### Your objective
Once every line holding "Adapter" in the listing below has been found, give their number and nothing more.

### Exercise data
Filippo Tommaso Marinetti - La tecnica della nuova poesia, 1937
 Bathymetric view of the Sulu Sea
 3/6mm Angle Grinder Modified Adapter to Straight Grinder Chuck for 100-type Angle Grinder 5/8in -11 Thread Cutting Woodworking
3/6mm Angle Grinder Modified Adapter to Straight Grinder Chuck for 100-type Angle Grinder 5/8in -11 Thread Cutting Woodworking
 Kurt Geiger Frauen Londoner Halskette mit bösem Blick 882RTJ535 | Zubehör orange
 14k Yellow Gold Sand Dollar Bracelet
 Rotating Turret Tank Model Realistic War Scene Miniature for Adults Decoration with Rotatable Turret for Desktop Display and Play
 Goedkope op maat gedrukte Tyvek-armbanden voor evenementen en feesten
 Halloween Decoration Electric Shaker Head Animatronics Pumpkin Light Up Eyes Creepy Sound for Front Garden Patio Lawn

### Written solution
2